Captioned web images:
+ + +

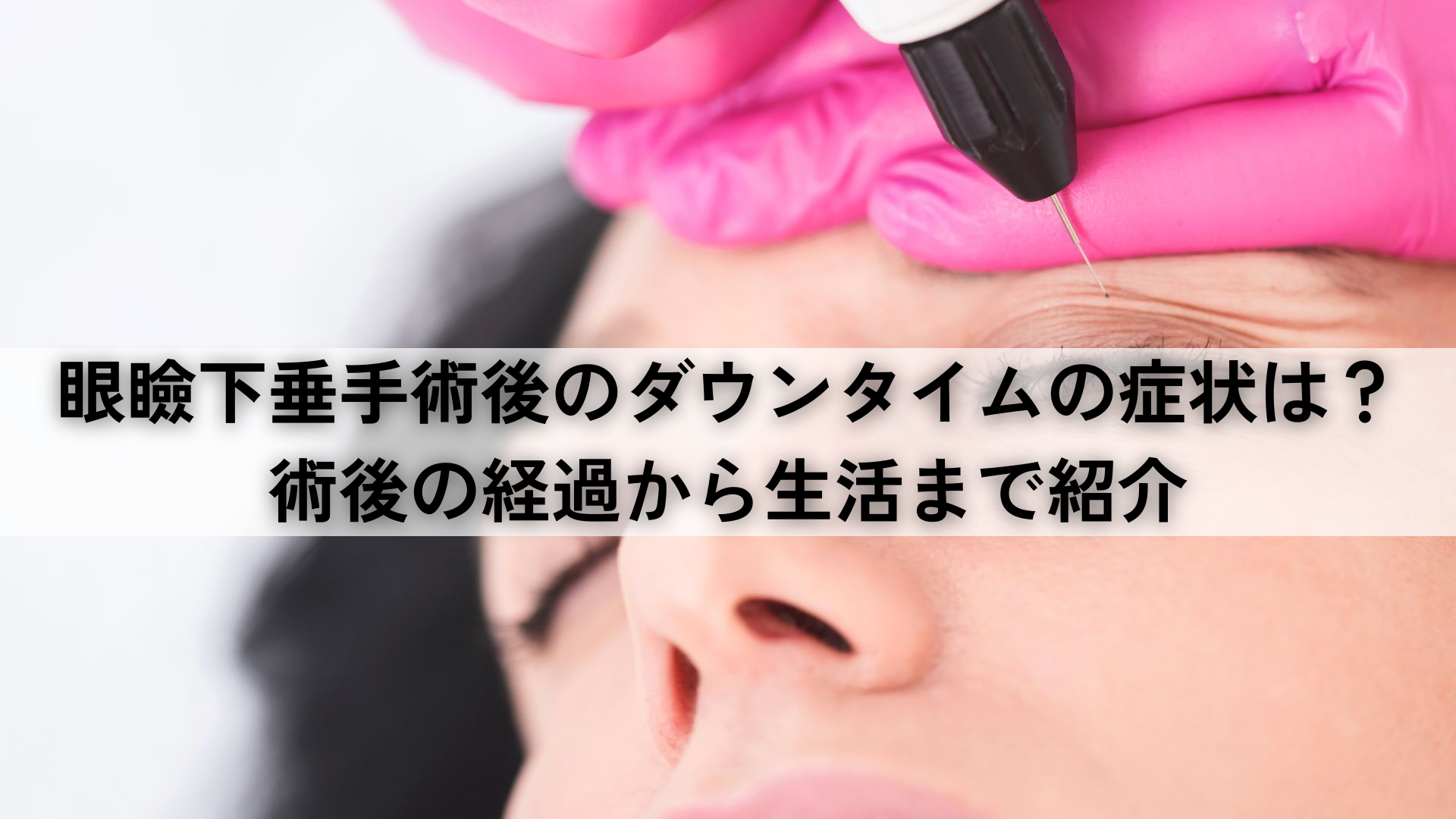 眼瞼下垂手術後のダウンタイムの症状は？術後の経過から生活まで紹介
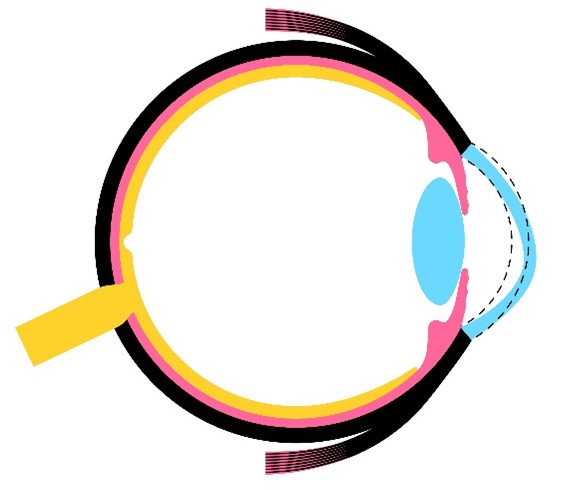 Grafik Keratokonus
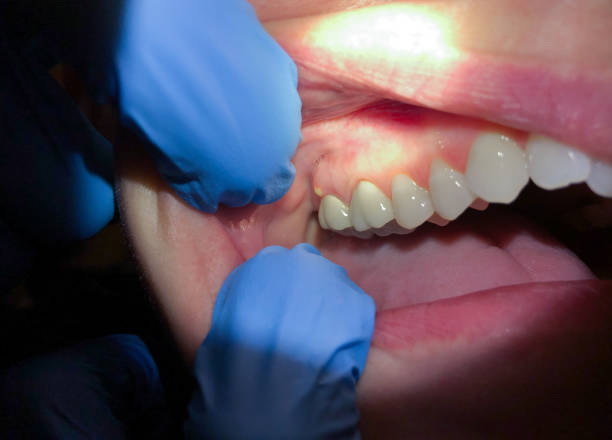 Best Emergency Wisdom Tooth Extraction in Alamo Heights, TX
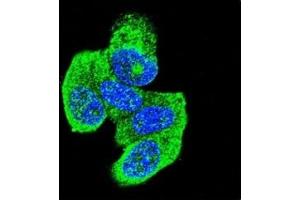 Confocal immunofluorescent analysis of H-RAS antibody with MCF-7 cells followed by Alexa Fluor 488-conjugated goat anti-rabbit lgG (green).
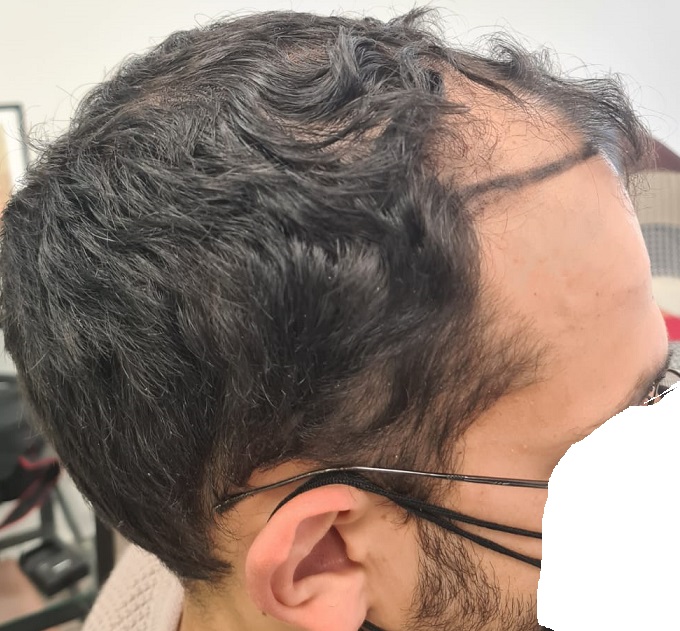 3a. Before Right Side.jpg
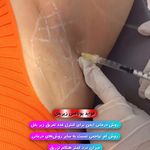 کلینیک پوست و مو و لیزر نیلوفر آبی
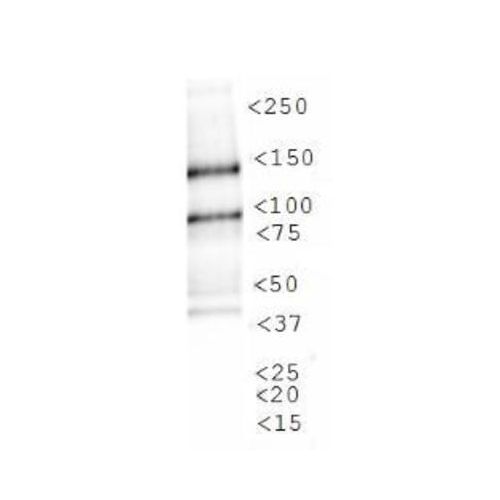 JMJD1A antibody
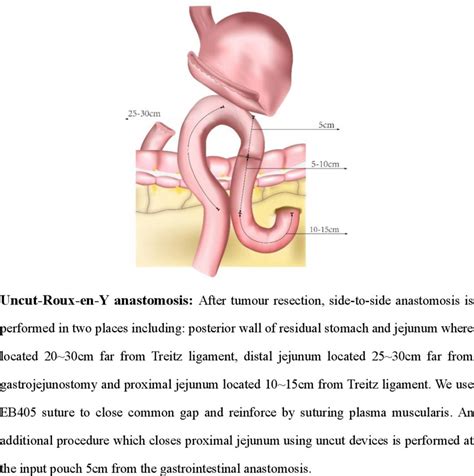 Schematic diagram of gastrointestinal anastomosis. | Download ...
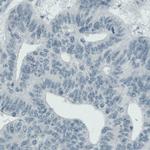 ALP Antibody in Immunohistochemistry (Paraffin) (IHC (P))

+ + +

### What the task requires
Could you reproduce exactly the lines from the one containing "کلینیک پوست و مو و لیزر نیلوفر آبی" through the last line of the records, both included, leaving out the pictures?

### Answer to this exercise
 کلینیک پوست و مو و لیزر نیلوفر آبی
 JMJD1A antibody
 Schematic diagram of gastrointestinal anastomosis. | Download ...
 ALP Antibody in Immunohistochemistry (Paraffin) (IHC (P))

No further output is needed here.